[Opening SUPPLIED INFORMATION section]

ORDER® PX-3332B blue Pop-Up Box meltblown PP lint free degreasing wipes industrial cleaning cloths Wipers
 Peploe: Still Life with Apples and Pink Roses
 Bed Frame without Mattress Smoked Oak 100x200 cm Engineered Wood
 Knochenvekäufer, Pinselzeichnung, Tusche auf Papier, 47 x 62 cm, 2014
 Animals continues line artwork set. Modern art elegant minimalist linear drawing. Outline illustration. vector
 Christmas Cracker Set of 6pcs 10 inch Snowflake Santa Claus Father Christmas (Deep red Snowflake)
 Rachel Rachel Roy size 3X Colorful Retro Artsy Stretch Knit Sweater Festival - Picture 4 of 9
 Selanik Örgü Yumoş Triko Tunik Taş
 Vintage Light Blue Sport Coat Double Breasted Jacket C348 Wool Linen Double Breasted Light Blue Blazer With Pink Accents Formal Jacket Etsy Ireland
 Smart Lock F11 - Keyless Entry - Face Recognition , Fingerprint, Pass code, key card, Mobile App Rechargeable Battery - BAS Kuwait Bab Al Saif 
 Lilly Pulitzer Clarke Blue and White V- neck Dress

[Closing SUPPLIED INFORMATION section]

▸ WORK INSTRUCTION
Using the exact wording, transcribe all the records above.

▸ EXPECTED OUTPUT
ORDER® PX-3332B blue Pop-Up Box meltblown PP lint free degreasing wipes industrial cleaning cloths Wipers
 Peploe: Still Life with Apples and Pink Roses
 Bed Frame without Mattress Smoked Oak 100x200 cm Engineered Wood
 Knochenvekäufer, Pinselzeichnung, Tusche auf Papier, 47 x 62 cm, 2014
 Animals continues line artwork set. Modern art elegant minimalist linear drawing. Outline illustration. vector
 Christmas Cracker Set of 6pcs 10 inch Snowflake Santa Claus Father Christmas (Deep red Snowflake)
 Rachel Rachel Roy size 3X Colorful Retro Artsy Stretch Knit Sweater Festival - Picture 4 of 9
 Selanik Örgü Yumoş Triko Tunik Taş
 Vintage Light Blue Sport Coat Double Breasted Jacket C348 Wool Linen Double Breasted Light Blue Blazer With Pink Accents Formal Jacket Etsy Ireland
 Smart Lock F11 - Keyless Entry - Face Recognition , Fingerprint, Pass code, key card, Mobile App Rechargeable Battery - BAS Kuwait Bab Al Saif 
 Lilly Pulitzer Clarke Blue and White V- neck Dress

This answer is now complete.